Breaking the Frame: How Photographs of the Dakota-U.S. War of 1862 Influence Historical Memory
Abstract
This dissertation examines photographs of the Dakota-U.S. War of 1862, and seeks to highlight how photographs have shaped contemporary and persistent ideas about the War and the Dakota people. This work utilizes photographs of Dakota Indians as a primary tool to reconstruct and refract the historical narrative of the Dakota-U.S. War. The convergence of photography and mass consumerism resulted in a plethora of Dakota photographs beginning in 1858. This work looks at three specific groups of photographs between 1858 and 1865. The first photographs of Dakota Indians documented groups of Dakota delegates after negotiating treaties to sell their land in exchange for money and annuity payments. The next group of photographs were taken by photographers in St. Paul, Minnesota, and resulted in an explosion of mass production spurred on by high consumer demand. Photographers, like Adrian Ebell, traveled great distances in hopes of documenting life on the Dakota reservations in order to capitalize on the financial success of other indigenous photography. Focusing on the motivations and manipulative aspects of the subjects, the photographers, and the viewers of these photographs, this dissertation examines how images of the Dakota directly contributed to the persistent ideologies of settler innocence, which justified retaliatory violence and Dakota removal from Minnesota.

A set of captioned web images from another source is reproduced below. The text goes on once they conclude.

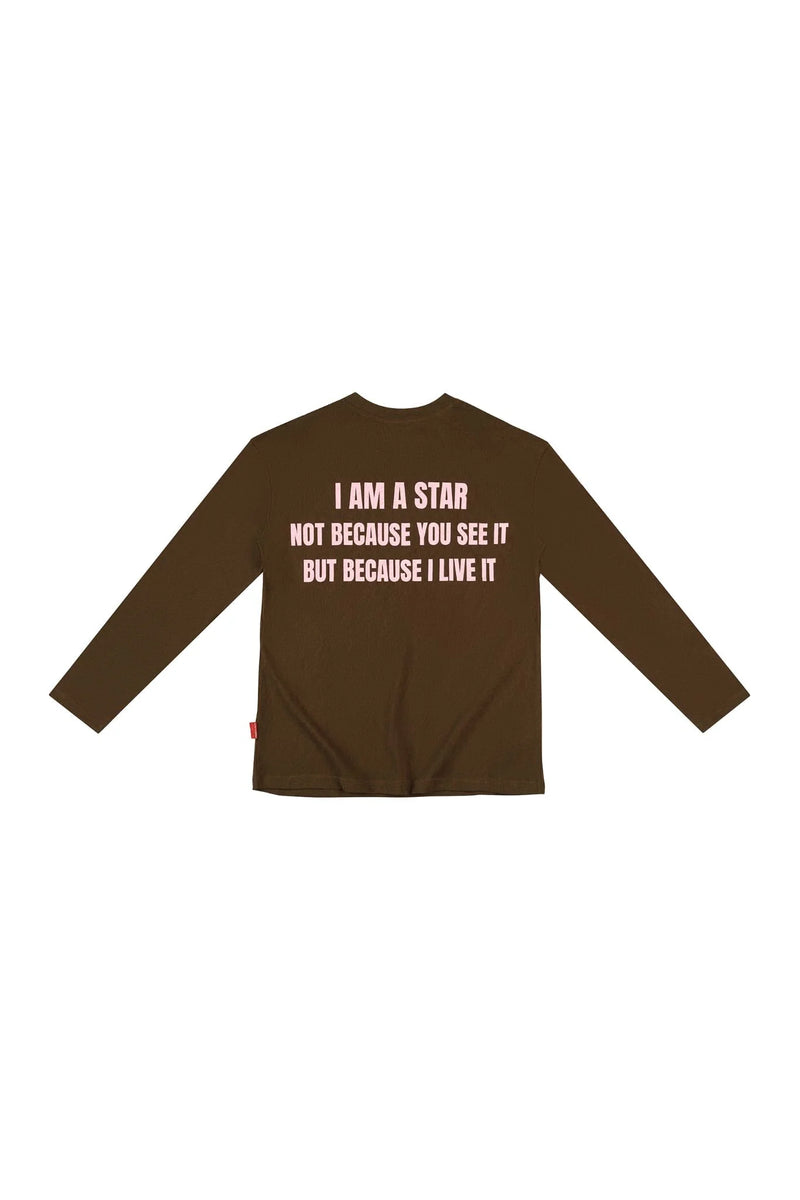 BROWN "WHENEVER" STAR MANIFESTO LONGSLEEVES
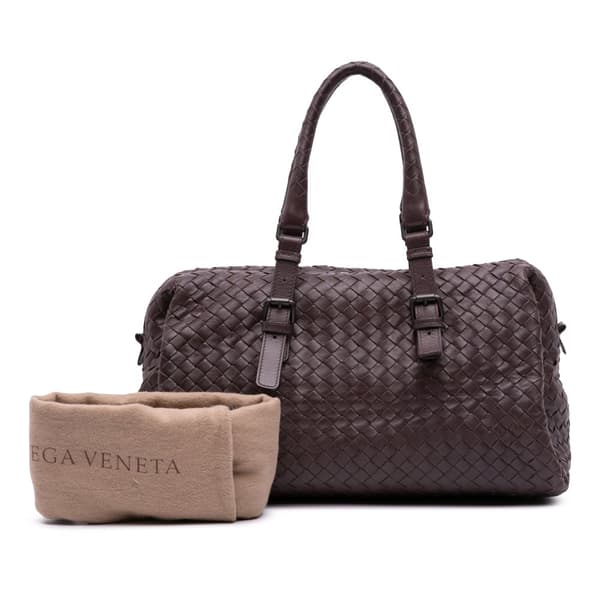 Pre-owned Bottega Veneta Nappa Intrecciato Boston Bag Brown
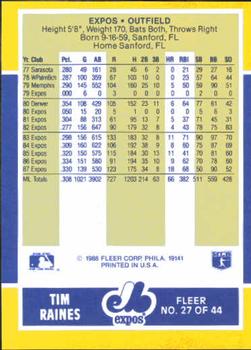 1988 Fleer Baseball MVPs #27 Tim Raines Back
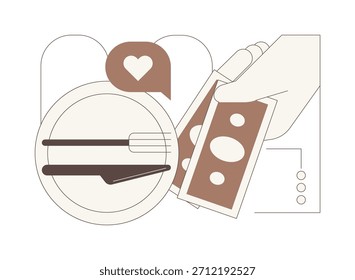 Glücklich mit Service, einzelne Cartoon-Vektorgrafiken. Glückliche Kunden verlassen Tipps in Restaurant, horeca Geschäft, professionelle Kellner Belohnung, zufrieden mit Service Vektor Cartoon.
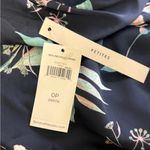 Banana Republic  Dress Halter Floral Satin Midi Navy Blue High Neck Ruffle 0P Photo 8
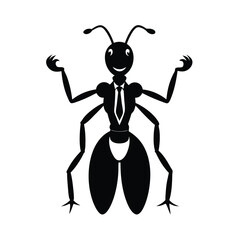 Cartoon Ant Wearing a Tie Black and White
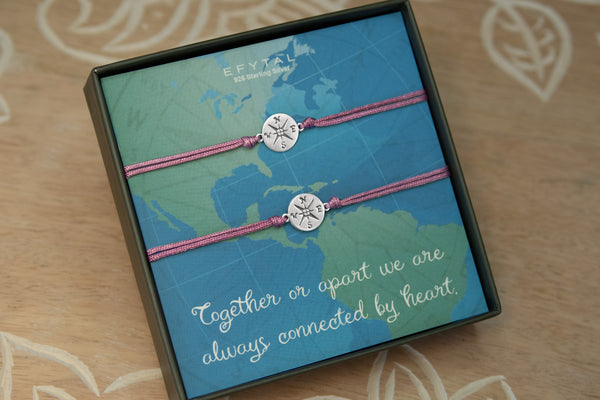 journey compass cord bracelet set • connected by heart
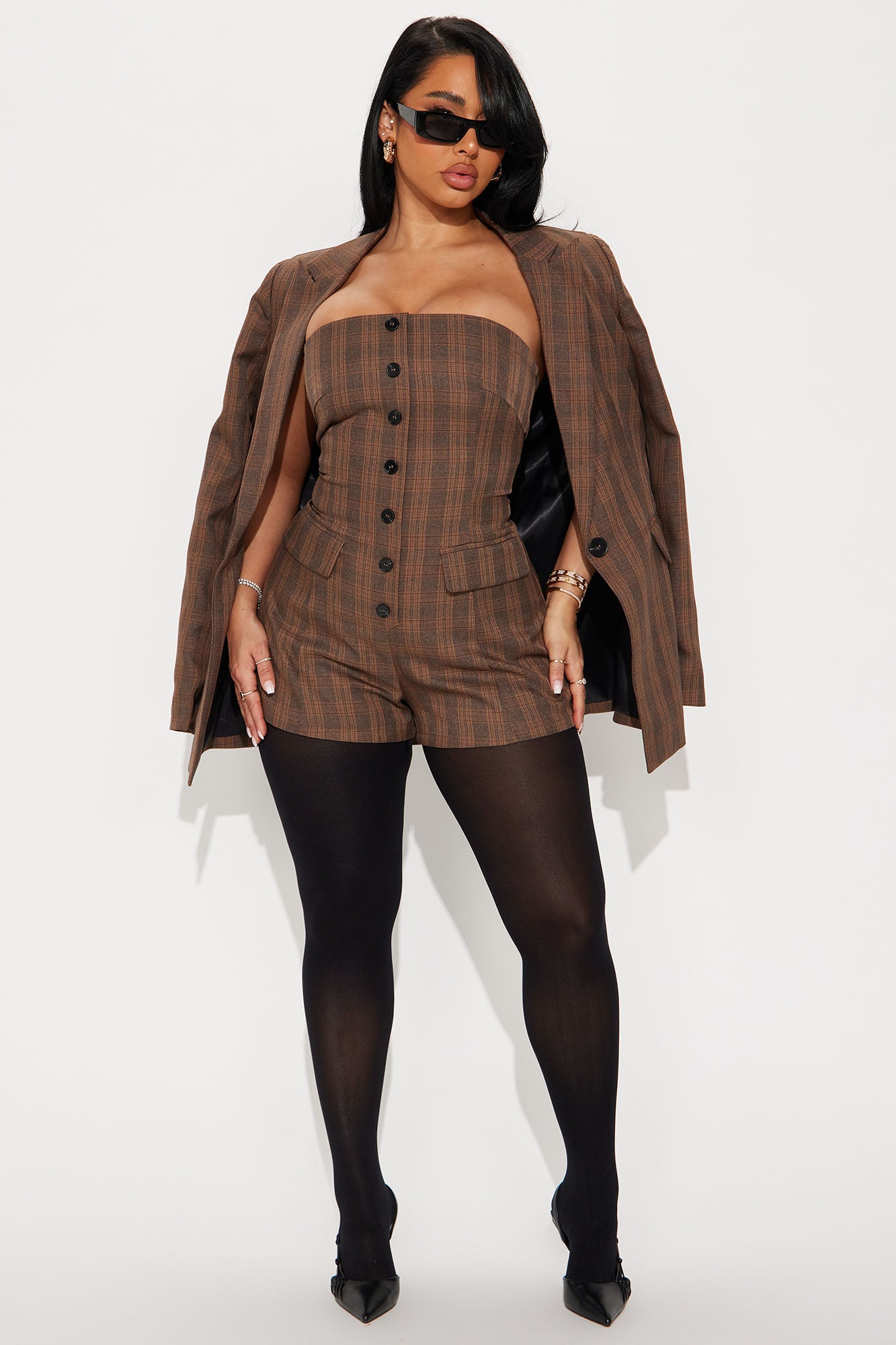 Check The Fax Blazer Romper Set - Brown/combo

The pervasive ideologies rooted in settler-colonial contexts have shaped historical memory, excluding Dakota peoples from engaging in public memory, and perpetuating the tension between Dakota and non-native in the re-telling of the past. Primary source material analyzed for this dissertation include photographs, Dakota prisoner of war letters, Dakota oral histories, published and unpublished Dakota narratives of the war and their life in Minnesota, Minnesota Historical Society Manuscripts Collections, the Gilcrease Museum's panorama of the war, Newspapers, and captivity narratives.